→ **WORK ITEM**: Could you repeat the whole listing below exactly as it stands?

→ **DATA**:
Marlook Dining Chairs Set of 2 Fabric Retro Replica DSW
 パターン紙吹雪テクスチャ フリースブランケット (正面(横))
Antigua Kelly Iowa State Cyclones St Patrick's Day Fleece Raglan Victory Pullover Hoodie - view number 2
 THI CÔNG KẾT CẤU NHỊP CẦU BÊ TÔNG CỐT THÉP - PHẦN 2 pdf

→ **EXERCISE RESPONSE**:
Marlook Dining Chairs Set of 2 Fabric Retro Replica DSW
 パターン紙吹雪テクスチャ フリースブランケット (正面(横))
Antigua Kelly Iowa State Cyclones St Patrick's Day Fleece Raglan Victory Pullover Hoodie - view number 2
 THI CÔNG KẾT CẤU NHỊP CẦU BÊ TÔNG CỐT THÉP - PHẦN 2 pdf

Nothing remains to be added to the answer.